Nitrate Removal in Shallow, Open-Water Treatment Wetlands

The diffuse biomat formed on the bottom of shallow, open-water unit process wetland cells contains suboxic zones that provide conditions conducive to NO3 – removal via microbial denitrification, as well as anaerobic ammonium oxidation (anammox). To assess these processes, nitrogen cycling was evaluated over a 3-year period in a pilot-scale wetland cell receiving nitrified municipal wastewater effluent. NO3 – removal varied seasonally, with approximately two-thirds of the NO3 – entering the cell removed on an annual basis. Microcosm studies indicated that NO3 – removal was mainly attributable to denitrification within the diffuse biomat (i.e., 80 ± 20%), with accretion of assimilated nitrogen accounting for less than 3% of the NO3 – removed. The importance of denitrification to NO3 – removal was supported by the presence of denitrifying genes (nirS and nirK) within the biomat.
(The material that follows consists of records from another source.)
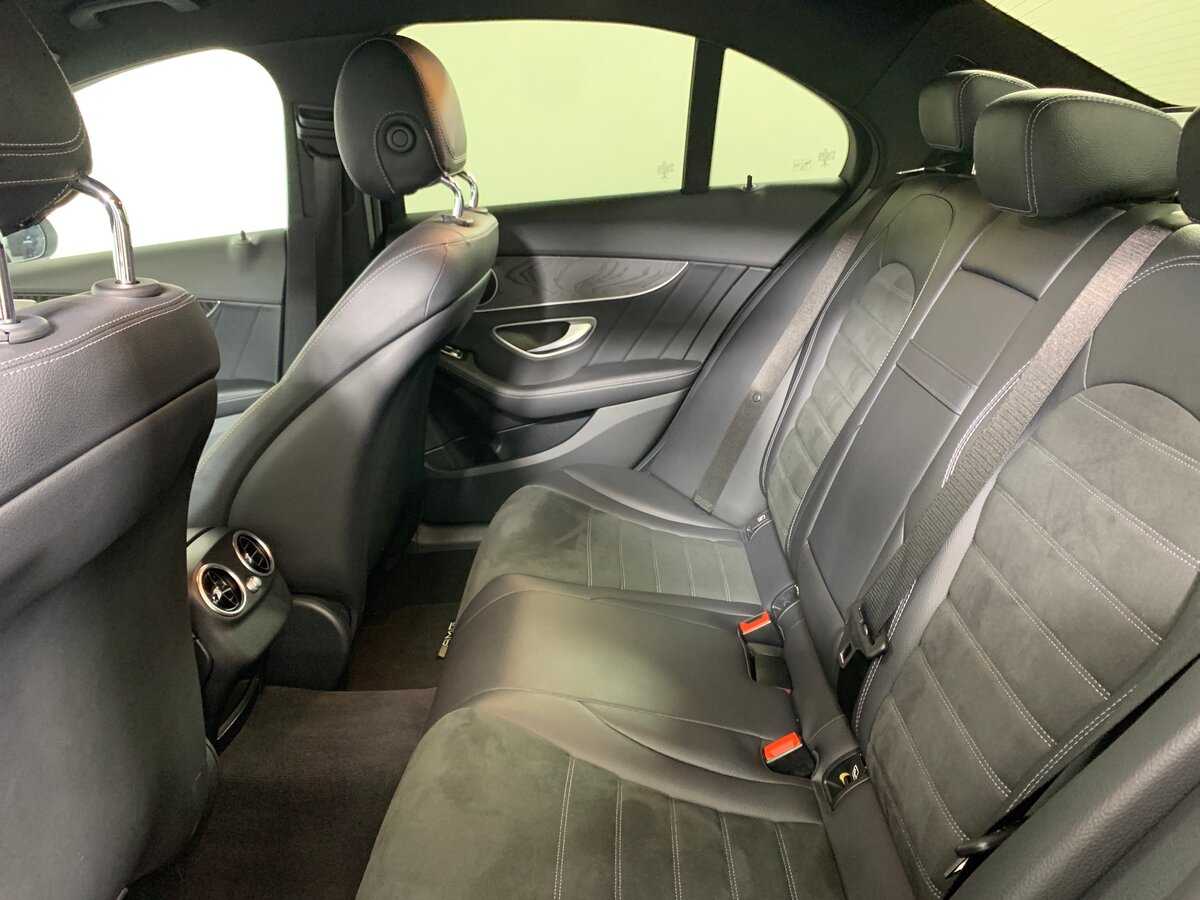 Mercedes-Benz C-Класс 200, 2019 Фото №19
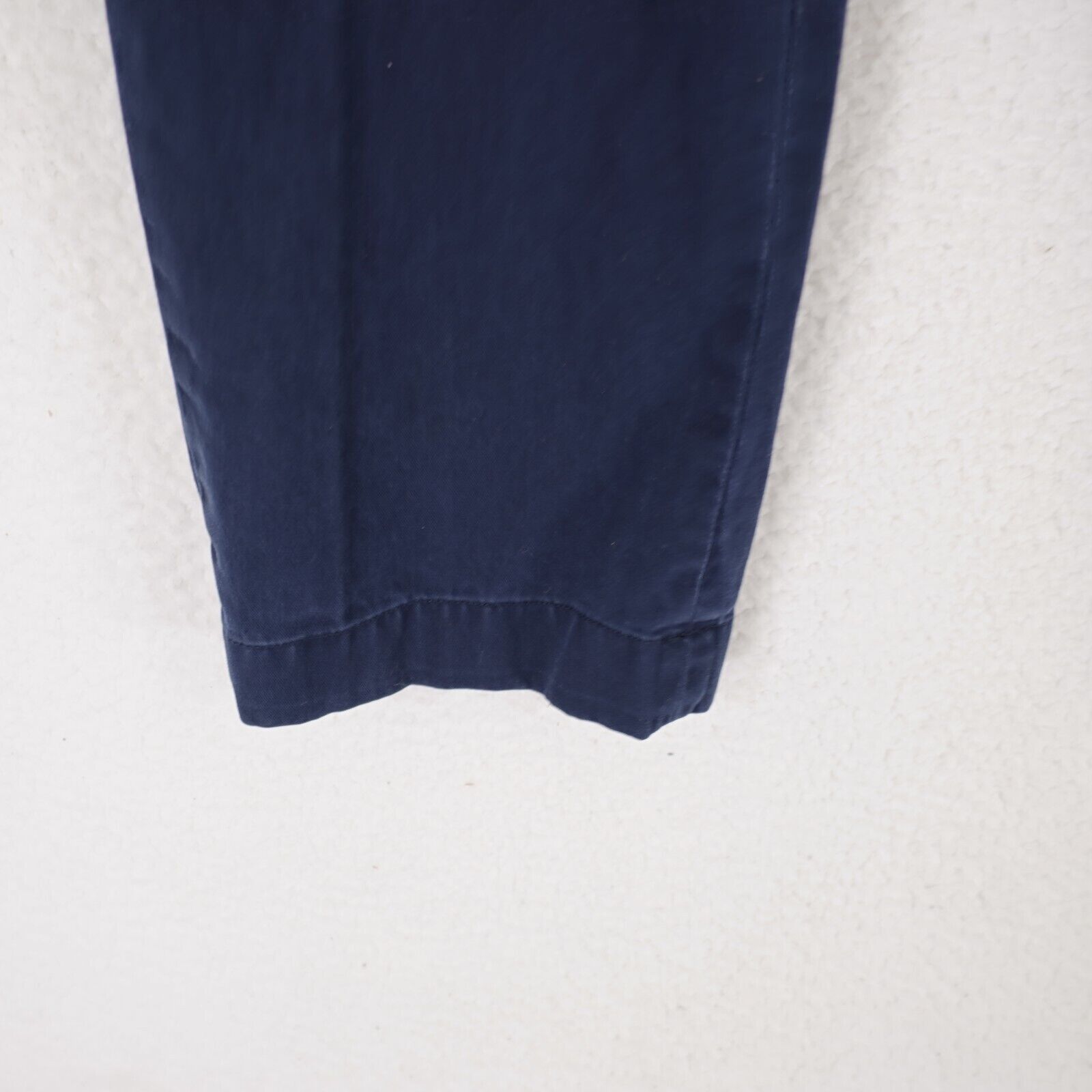 Polo Ralph Lauren Polo Ralph Lauren Classic Fit Blue 34/29 Flat Front Mid Rise Size US 34 / EU 50 - 2 Thumbnail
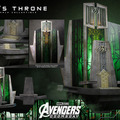 【ムービー・マスターピース】 『アベンジャーズ／ドゥームズデイ』1/6スケールフィギュア　ドクター・ドゥーム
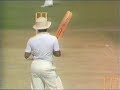 India vs West Indies 2nd Test at Delhi   Oct 29 Nov 3, 1983 Day 1 Highlights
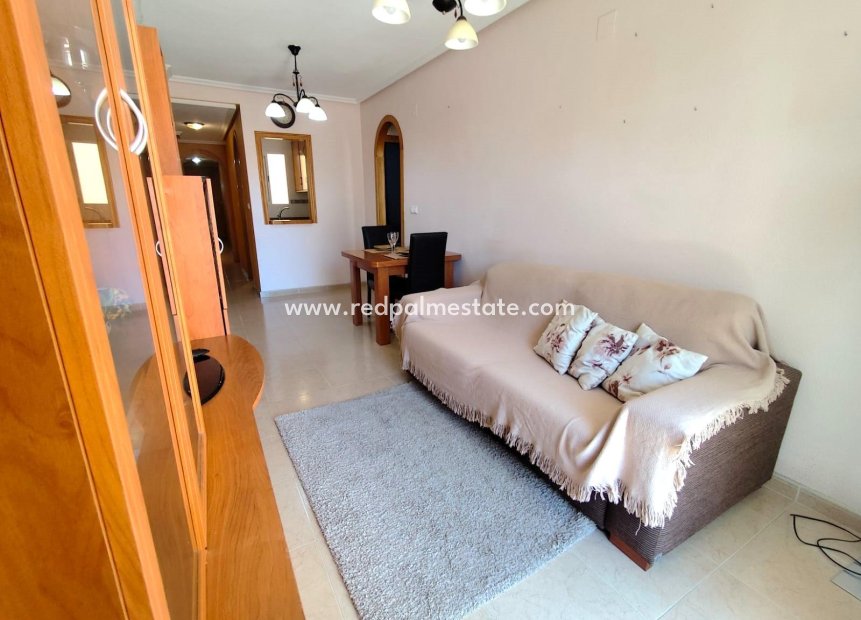 Videresalg - Leilighet -
Torrevieja - Centro Torrevieja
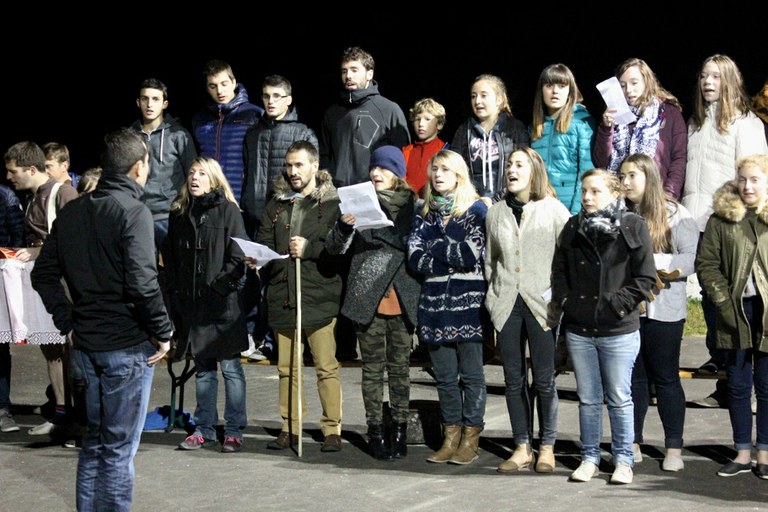 Pettarreko maskaradak igandean abiatuko dira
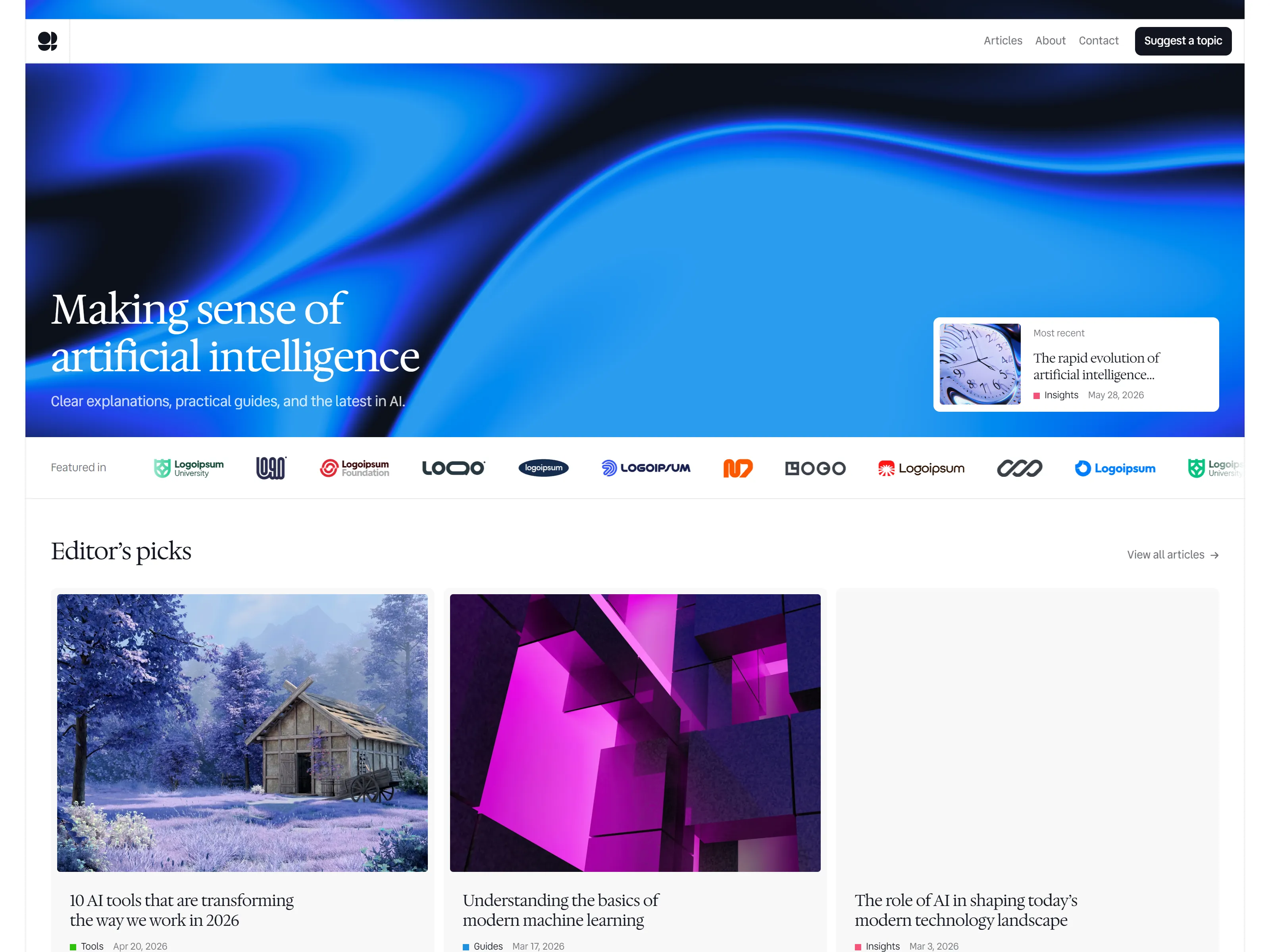 Desktop Screenshot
While modest when compared to the presence of denitrifying genes, a higher abundance of the anammox-specific gene hydrazine synthase (hzs) at the biomat bottom than at the biomat surface, the simultaneous presence of NH4 + and NO3 – within the biomat, and NH4 + removal coupled to NO2 – and NO3 – removal in microcosm studies, suggested that anammox may have been responsible for some NO3 – removal, following reduction of NO3 – to NO2 – within the biomat. The annual temperature-corrected areal first-order NO3 – removal rate (k 20 = 59.4 ± 6.2 m yr–1) was higher than values reported for more than 75% of vegetated wetlands that treated water in which NO3 – was the primary nitrogen species (e.g., nitrified secondary wastewater effluent and agricultural runoff). The inclusion of open-water cells, originally designed for the removal of trace organic contaminants and pathogens, in unit-process wetlands may enhance NO3 – removal as compared to existing vegetated wetland systems.